The sequence is terminated with `ST` (string terminator) which is typically `ESC` `\`. (Although `ST` is the standard sequence according to ECMA-48 ?8.3.89, often the `BEL` (`\a`) character is used instead. This nonstandard choice originates from XTerm, and was later adopted by probably all terminal emulators to terminate `OSC` sequences. Nevertheless, we encourage the use of the standard `ST`.)

(For `OSC` and `ST`, their C0 variant was shown above. They have another, C1 form which might be supported in some contexts. In 8-bit Latin-X character sets they are the single bytes `0x9d` and `0x9c`, respectively. In UTF-8 mode some terminal emulators deliberately do not implement C1 support because these bytes would conflict with the UTF-8 encoding, while some other terminal emulators recognize the UTF-8 representation of `U+009d` (i.e. `0xc2` `0x9d`) and `U+009c` (i.e. `0xc2` `0x9c`), respectively. Since C1 is not universally supported in today's default UTF-8 encoding, its use is discouraged.)

## A note on opening/closing hyperlinks

The feature was modeled after anchors on webpages. There are some differences though, due to the nature of terminal emulation.

An HTML page is supposed contain balanced and unnested pairs of `<a ...>` and `</a>` tags. This is important in order to build up a DOM tree. Terminal emulators don't have this concept. They are a state machine, interpreting the data as it arrives in a stream.

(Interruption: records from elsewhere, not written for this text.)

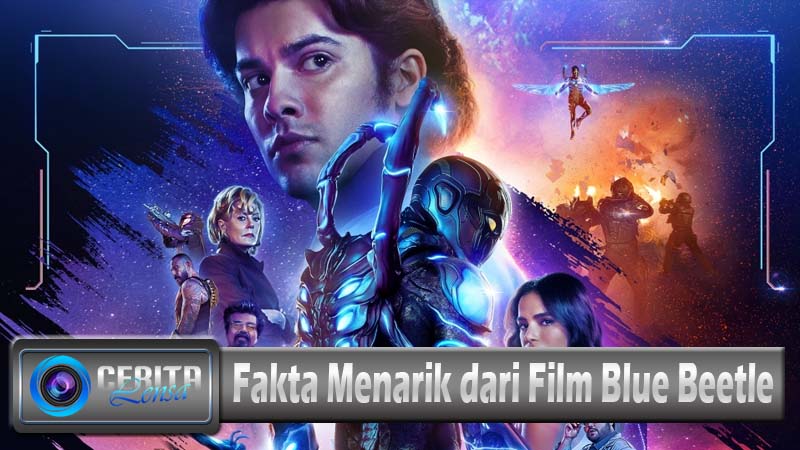 Fakta Menarik dari Film Blue Beetle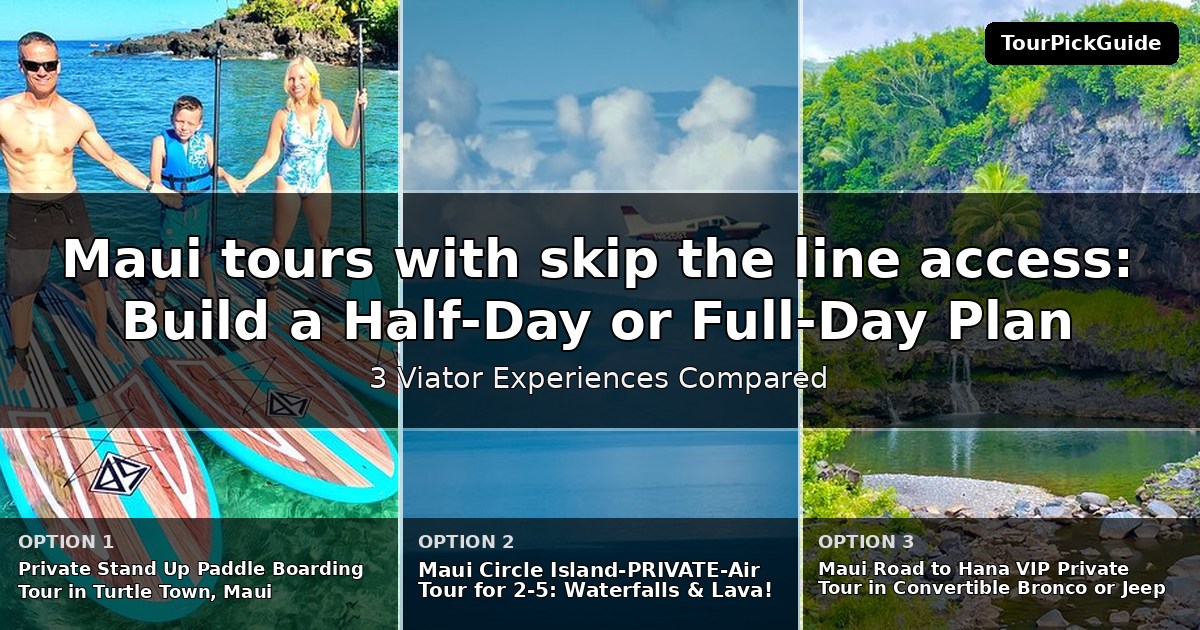 Maui tours with skip the line access – three Viator experiences compared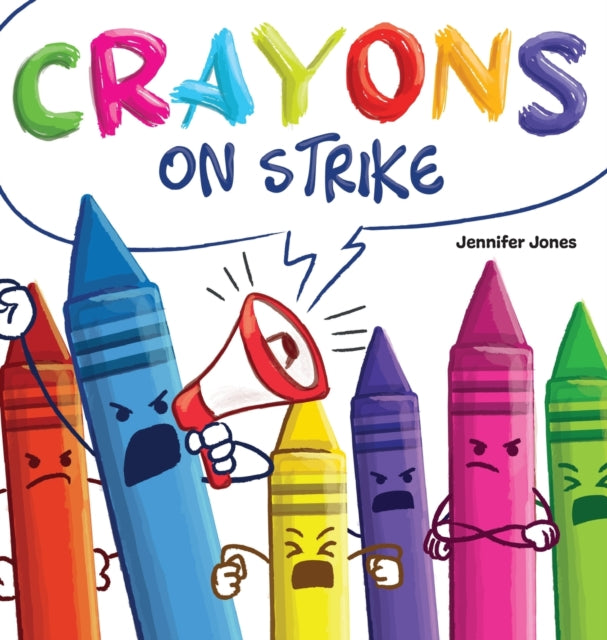 Crayons on Strike: A Funny, Rhyming, Read Aloud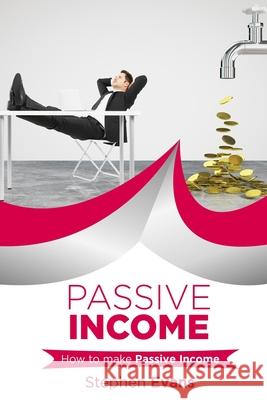 Passive Income: How to make Passive Income Stephen Evans 9781690745402 Independently Published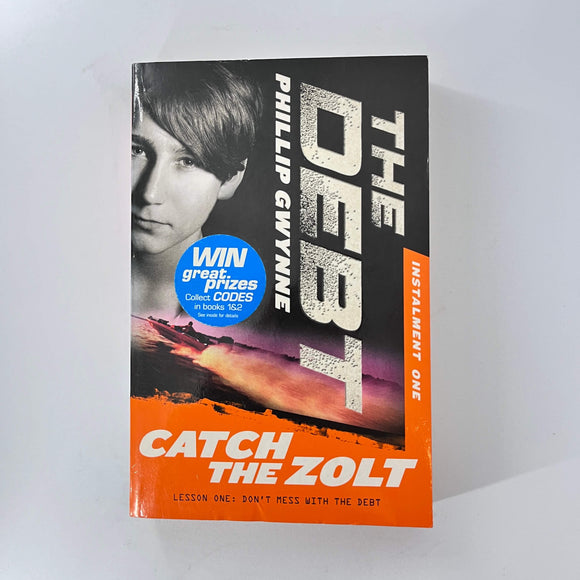 Catch the Zolt(The Debt #1) by Phillip Gwynne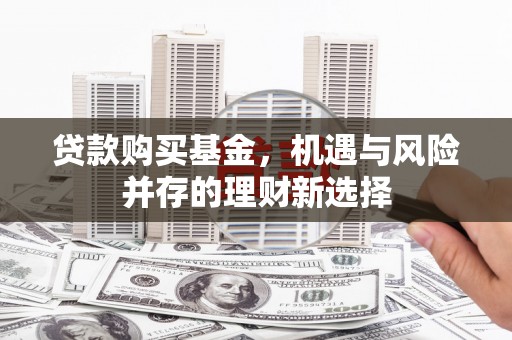 江东贷款购买基金，机遇与风险并存的理财新选择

As such, in terminal emulators an OSC 8 escape sequence just changes the hyperlink (or lack thereof) to the new value. It is perfectly legal to switch from one hyperlink to another without explicitly closing the first one. It is also perfectly legal to close a hyperlink when it's not actually open (e.g. to make sure to clean up after a potentially unclean exit of an application).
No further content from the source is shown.